Cities also allow your players to encounter every element of your campaign in one place. There are only so many acres characters can cover in 20 levels, but a vast cosmopolitan city draws visitors from every continent, allowing your players to experience all that makes your setting unique. Meanwhile, city laws make it difficult for parties to simply plow through their adventures, killing indiscriminately. If your players have been drifting in that direction, a strong City Watch might be just the deterrent to steer them toward alternate means of problem-solving.

These same laws also allow frequent non-violent interactions with your campaign's main villain. D&D antagonists are too often only encountered once or twice before combat ensues, making the confrontation less impactful than it could have been. Cities allow opportunities to socialize, compete, and develop a deep rivalry with a villain before the final showdown.

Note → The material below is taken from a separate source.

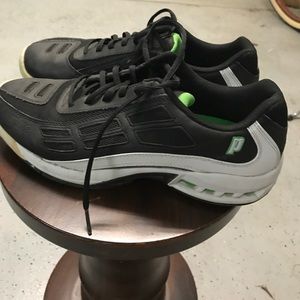 Prince men's tennis shoes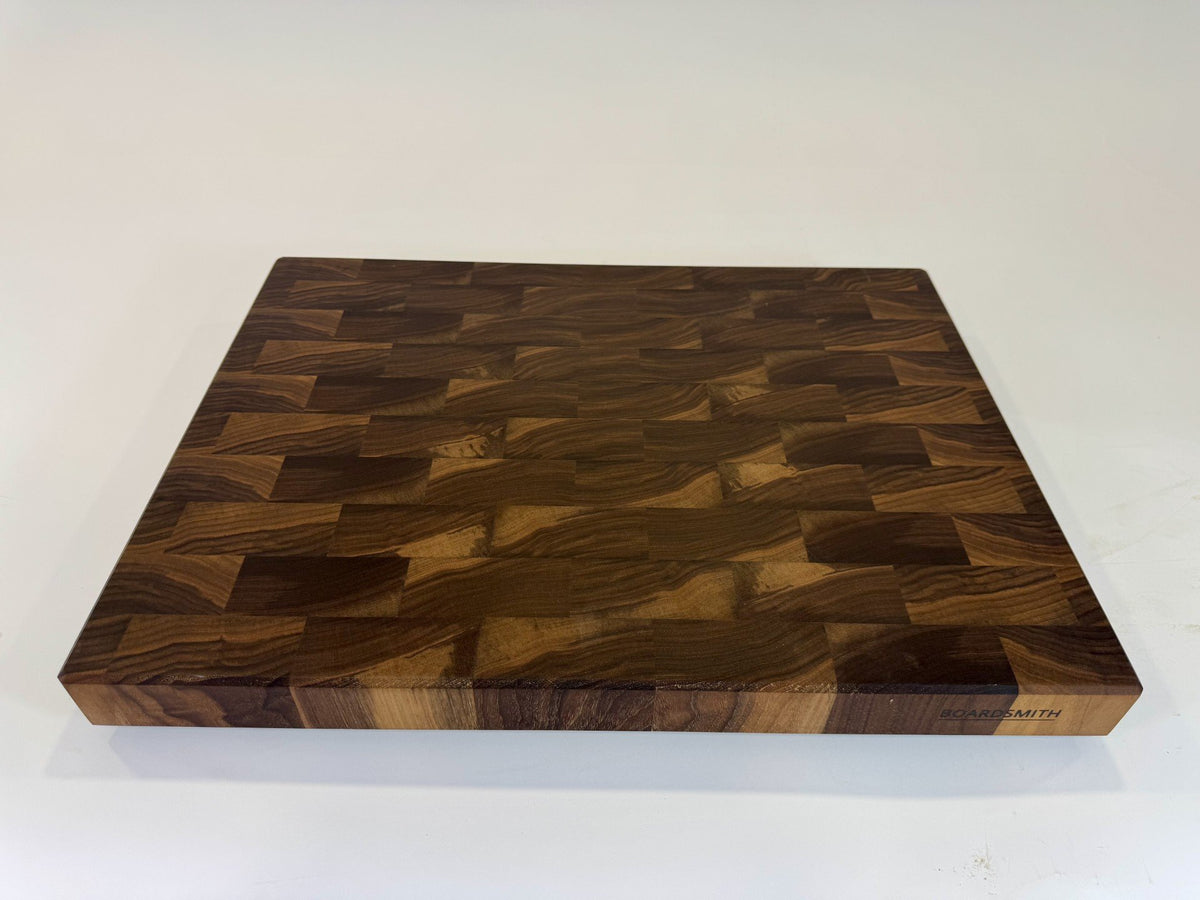 469 Walnut 24 x 18 x 2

Above all, cities encourage roleplaying. If you enjoy creating and playing multiple roles as a Dungeon Master, a city campaign is for you.

Cities of Renown

Baldur's Gate sprawls out towards the coast.

Below, I've highlighted some cities with the most extensive fifth edition content surrounding them, which can make it easy for DMs to prep a city quickly and effectively. Keep in mind, however, that no matter the amount of content you're provided, you will still have to fill in some details yourself.

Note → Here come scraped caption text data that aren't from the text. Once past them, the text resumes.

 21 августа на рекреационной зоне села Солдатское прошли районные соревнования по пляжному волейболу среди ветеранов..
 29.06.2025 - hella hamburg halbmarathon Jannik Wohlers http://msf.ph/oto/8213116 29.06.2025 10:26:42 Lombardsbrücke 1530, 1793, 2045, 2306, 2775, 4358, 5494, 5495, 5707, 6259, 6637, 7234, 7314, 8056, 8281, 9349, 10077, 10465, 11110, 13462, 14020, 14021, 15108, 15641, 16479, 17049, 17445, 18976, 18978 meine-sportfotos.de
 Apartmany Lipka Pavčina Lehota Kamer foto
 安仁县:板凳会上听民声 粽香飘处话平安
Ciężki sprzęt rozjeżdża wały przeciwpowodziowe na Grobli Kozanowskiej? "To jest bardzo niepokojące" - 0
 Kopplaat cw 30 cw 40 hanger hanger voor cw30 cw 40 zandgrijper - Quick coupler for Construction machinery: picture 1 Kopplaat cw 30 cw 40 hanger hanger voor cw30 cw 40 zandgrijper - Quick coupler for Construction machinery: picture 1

Do only as much prep as you need to feel comfortable, and leave the rest to improv on game day. Be sure to write down any improvised shopkeeper's name and general personality for future appearances. One of a city campaign's many joys is to watch neighborhoods fill up with characters to revisit!

Baldur's Gate

Baldur's Gate is a city of crime, death cults, and a stark (and literal) divide between rich and poor. If your favorite comic books are set in Gotham City, Baldur's Gate is the Forgotten Realms city for you. Though the city is described in great detail in Baldur's Gate: Descent into Avernus, the book eventually takes players beyond the city and into Avernus, the first layer of the Nine Hells. That said, the gazetteer of Baldur's Gate can provide plenty to plan a campaign devoted entirely to the cosmopolitan city.

Neverwinter

While Neverwinter is a magical, tolerant, forward-looking city of resilient craftsmen, there are still adventures to be had and conflicts to be resolved. Along with other Forgotten Realms cities, Neverwinter is detailed in the Sword Coast Adventurer's Guide. Though it's not quite the treatment Baldur's Gate gets in its eponymously named book, it's luckily featured prominently in Dungeons & Dragons: Honor Among Thieves.

Sharn

If you like a city with arcane versions of the amenities of a 21st-century metropolis, Sharn in Eberron: Rising from the Last War is a modern/magical mashup like no other. Beyond the techno-magical aesthetic, Sharn has a distinguishing feature that can make it a unique destination for a city campaign: The city is made of towers that stretch miles into the air. The richest live at the city's top, while the poorest labor in the deepest sections.

Ravnica

Ravnica from Guildmaster's Guide to Ravnica is a megalopolis that covers a planet, like a high fantasy Coruscant. The city is packed full of tension because of the competing guilds that constantly vie for power. If you're looking for a cultural melting pot, deep lore, and an entire book devoted to the cities' inner workings, this is a great place to start.

Waterdeep

Located just north of the midway point of the Sword Coast in the Forgotten Realms setting, Waterdeep is arguably the most influential city in all of Faerûn. It serves as a cultural, artistic, commercial, and political hub and is ruled over by a council of masked lords. Because of the abundant resources surrounding Waterdeep in fifth edition, it is seen as an idyllic place for those new to city campaigns to cut their teeth, which we go into detail below.

Bringing Your City to Life

An urchin child runs from an angry shopkeeper with a stolen pastry.

The best urban stories earn praise for making the city "a character unto itself." You can do this, too, if you follow a few simple rules. Your players know only what you tell them, so give them the details they need to picture themselves in the city, but not so many that their eyes glaze over. No one plays D&D to sit while walls of text are read to them.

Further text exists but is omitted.